強引な無気力男子と女王子
 そしてやってきた日曜日。
 私達は、約束通り学校の最寄り駅に集合していた。
 某黄緑のトークアプリで私は一応繋がっていた駿樹さんを誘うと、一瞬で「行く」と返信が返ってきた。
 私の介入がなくても仲直りできるんじゃないのか。
 そう思ってしまう。
 そして、やってきた駿樹さんは日葵を見て少しだけ表情を緩めたが、やっぱりというか、案の定というか、悠理を見ると顔を少し歪めた。
 「なんで他の男がいるんだ」
 駿樹さんの目がそう言ってる。
 私だって知らないよ。
 日葵のほうを見ると、日葵は気まずそうに視線を外す。
 早くも、みんなの間に微妙な空気が流れ出したとき。
 「早く真紘の家に行こうよ」
 そんな空気を読んでなのかなんなのか知らないけど。
 悠理が沈黙を破って、少し場の空気が和らいだ。
 良かった‥‥‥。
 「そ、そうだね!早く行こう!」
 私はわざと明るい声を出して歩き出した。
 ‥‥‥勉強会、無事に終わるかな?

 「うう〜‥‥‥。無理」
 「弱音を吐かない」
 「だってえ‥‥‥」
 時は流れ、只今勉強会の真っ只中。
 相変わらず日葵と駿樹さんは仲直りする様子がない。
 まあ、日葵は本格的に勉強がヤバくて、そこまで余裕がないって感じだけど。
 男二人は一声も発さず、黙々とただ問題を解いている。
 駿樹さんはともかく、悠理はなんか喋れよ!
 心の中でそう怒ったあと、それは間違いだな、とすぐ気づく。
 自分から参加を決めたとはいえ、悠理は巻き込まれた側だ。
 私が怒る資格なんてない。
 「真紘〜‥‥‥これどうやって解くの‥‥‥?」
 「取り敢えず、aとbとcの関係についてわかってることを書いてみるの」
 「なるほど!」
 私は日葵に教えながら、自分も問題を解いているという感じ。
 日葵は数学が絶望的に出来ないんだよな。
 だって今だって、ほら。
 「日葵‥‥‥。アンタ何書いてんの?」
 「え?何って、aとbとcの関係について書いてるんだよ」
 「これが?」
 日葵のノートに書かれたのは、お世辞にも数学に関係することとは言えない内容だった。

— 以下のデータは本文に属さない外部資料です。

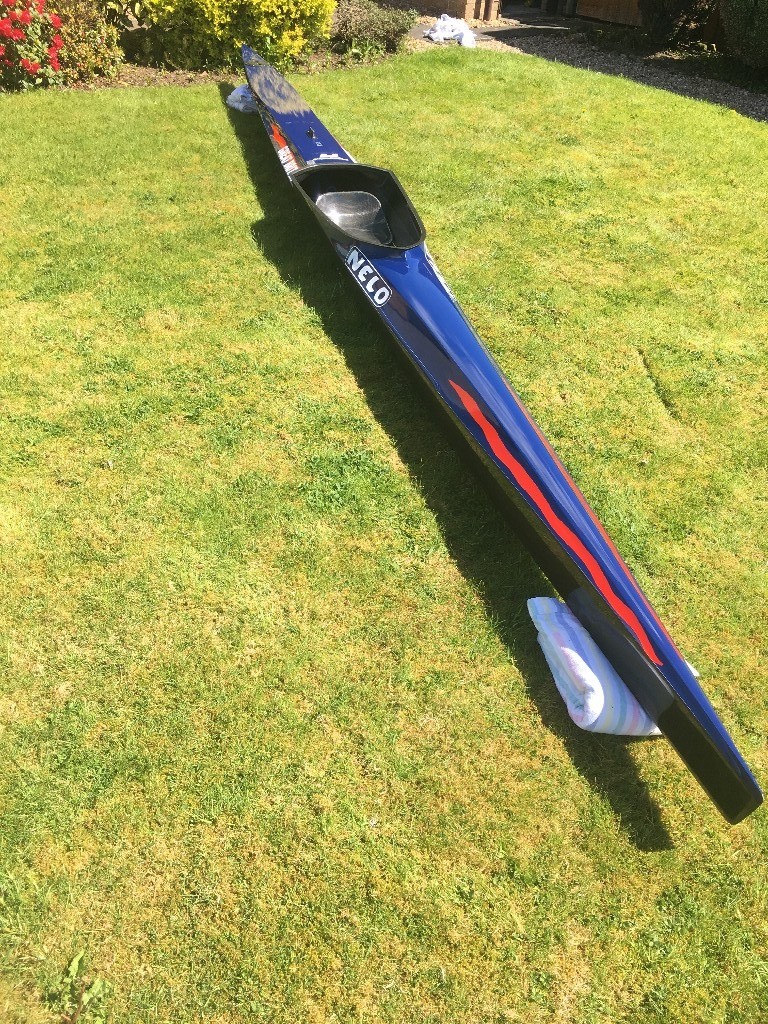 Nelo Vanquish II Sprint/marathon Kayak in Motherwell, North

 「aちゃんとbくんは幼馴染で〜、aちゃんとbくんは両片思いなの。で、cくんは二人の恋を応援してたんだけど、次第にaちゃんに惹かれちゃって‥‥‥」
 「変な妄想膨らますな!」
 日葵は数学ができない分なのかなんなのか。
 文章、ひいては物語を書く力が凄いのだ。
 テストも、国語だけいつも100点近い。